Maj wrote:The question is, what are the chances that the rioting countries will have their governments replaced by fundamentalist governments?
Really hard to predict. This isn't the 70's the world has changed. Clearly there are some forces that want it to be so. Clearly they are working hard to make it so. (Note that "replaced" doesn't mean immediately, you could have the first replacement government fall to a fundamentalist government. Typically speaking, governments that are formed through this method can suffer instability especially when elements who helped form those goverments desire that instability in order to come in with a non democraticly formed government. Consider the fall of France in the French revolution and the eventual rise of the despot Napoleon.)

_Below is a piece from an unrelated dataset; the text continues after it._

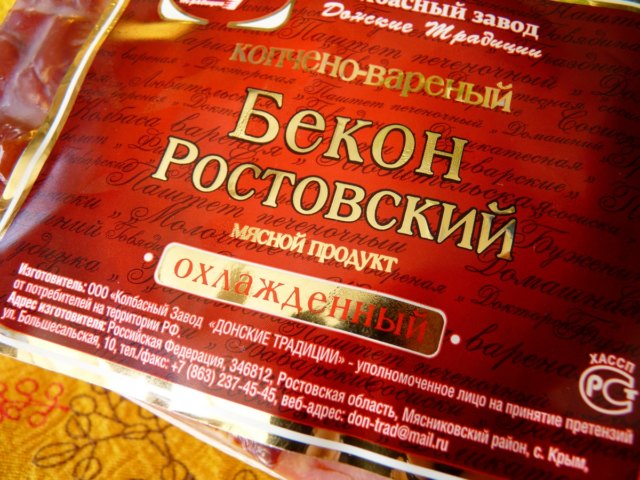 ДЕНЬ ПЕРВОГО БЛЮДА. Суп с берегов Сардинии ДЕНЬ ПЕРВОГО БЛЮДА. Суп с берегов Сардинии
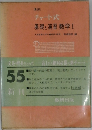 チャート式  基礎と演習数学Ⅰ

But I really have my doubts. As I said, the Iranian revolution was in an eariler time, and then the fundamentalists just wanted to screw enforce strict Islamic law upon their own people who were mostly from their faith. Egypt, for the most part is a secular Kymbya where Christians will actually protect Muslims and vice versa. The Muslim Brotherhood's old NAZI song that constantly motivates them to exterminate Israel is not going to go well with the people at large. (Note there is a massive dissconnect with the Muslim Brotherhood's Arabic and English websites. The latter is like "my little pony" and the former is like war preperation propaganda.)

Clearly this will be the big push for the Caliphate, whether it will work is anyone's guess. The problem is that every attempt creates a power vacuum for another power attempt. So anything can really happen.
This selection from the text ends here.